This garden-fresh soup is a light and flavorful way to enjoy the bounty of summer produce. Zucchini and chickpeas are simmered in a savory miso broth, and finished with fresh green onions and cilantro. It's a simple but satisfying dish that's perfect for a quick and easy weeknight meal.
Miso soup is a staple of Japanese cuisine, and for good reason. It's a simple but flavorful dish that can be made with a variety of ingredients. This recipe for zucchini and chickpea miso soup is a great way to use up garden-fresh produce, and it's also a good source of protein and fiber. The miso paste adds a savory umami flavor to the soup, and the zucchini and chickpeas add a bit of sweetness and texture. This soup is a great way to warm up on a cold day, or to enjoy as a light and refreshing meal.
Prep time: 5 | Cook time: 10 | Serves: 2
Ingredients
1 tablespoon olive oil
1 medium zucchini, sliced
1 (14 ounce) can chickpeas, rinsed and drained
2 cloves garlic, minced
1 teaspoon grated fresh ginger
4 cups vegetable broth
2 tablespoons white miso paste
1/2 teaspoon tamari
2 green onions, sliced
Fresh cilantro leaves, for garnish
Instructions
Heat olive oil in a large pot over medium heat.
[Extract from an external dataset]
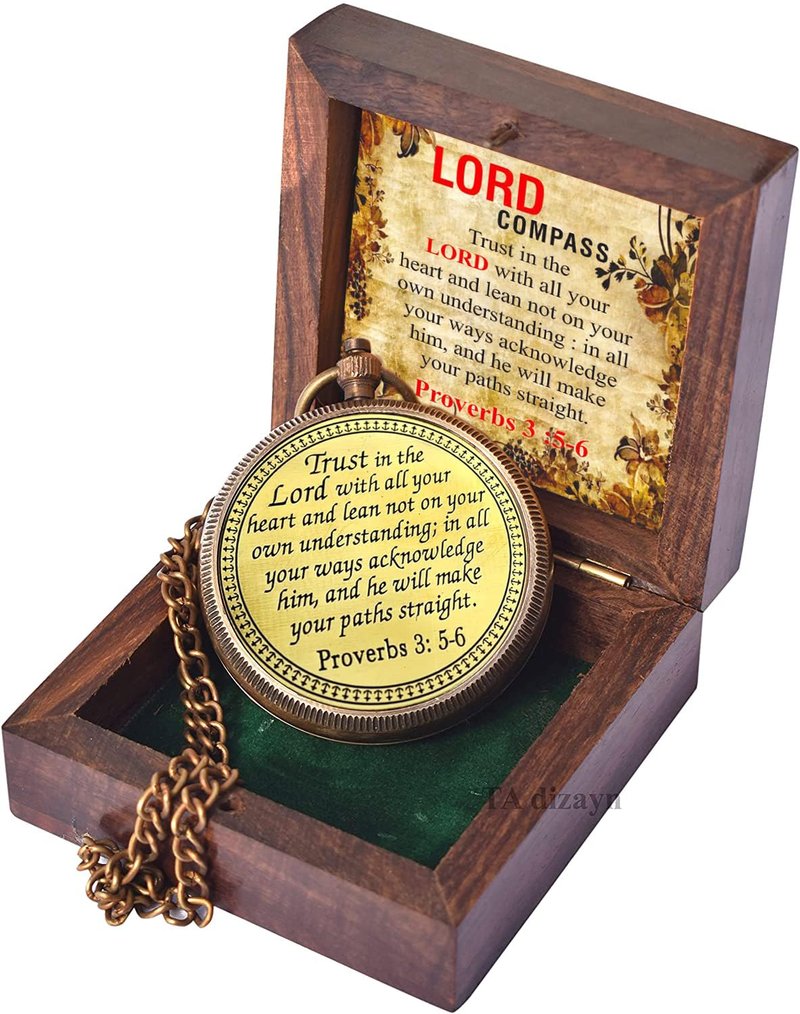 Trust in The Lord -Proverbs 3: 5-6 Engraved Compass, Graduation Gifts for Him, Birthday Gifts for Son, Husband, Inspirational, Motivational, Christmas, 2026 Unique Office Decor, Greeting Card Included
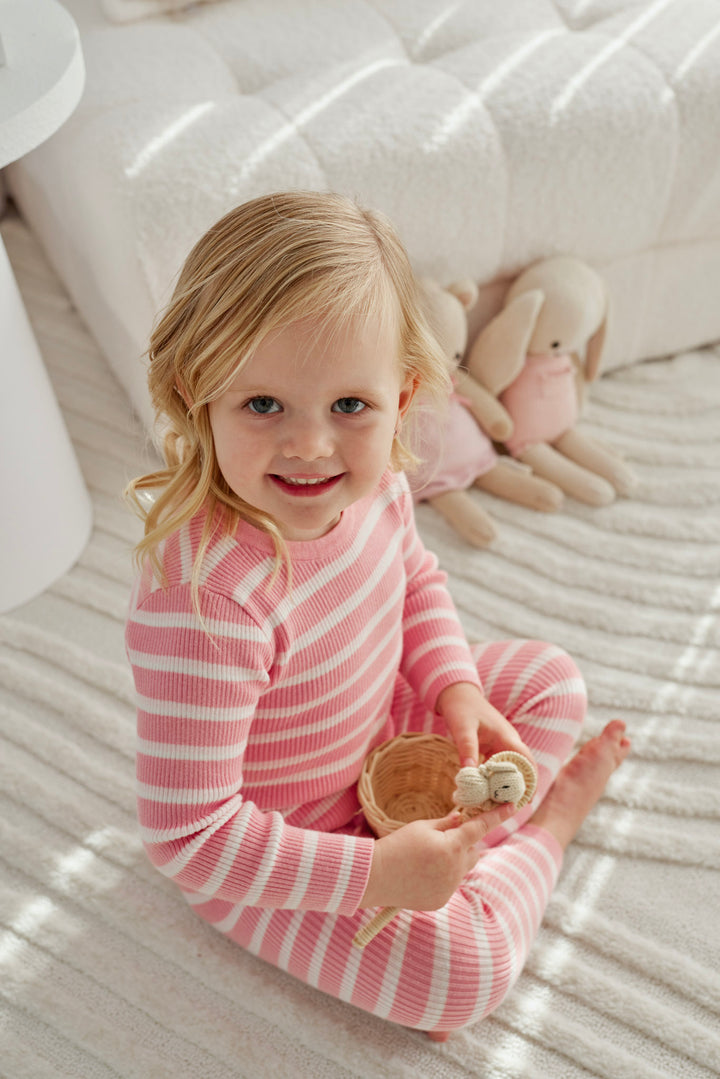 Knitted Bodysuit/Top - Blush Striped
Add zucchini, chickpeas, garlic, and ginger to the pot and cook, stirring occasionally, until zucchini is softened, about 5 minutes.
Add vegetable broth, miso paste, and tamari to the pot and bring to a boil.
Reduce heat to low and simmer for 10 minutes, or until soup has thickened slightly.
Stir in green onions and cilantro leaves.
Why It Works
The combination of zucchini and chickpeas provides a good balance of sweetness and texture.
The miso paste adds a savory umami flavor to the soup.
The green onions and cilantro add a fresh, bright flavor to the soup.
The soup is easy to make and can be tailored to your own taste preferences.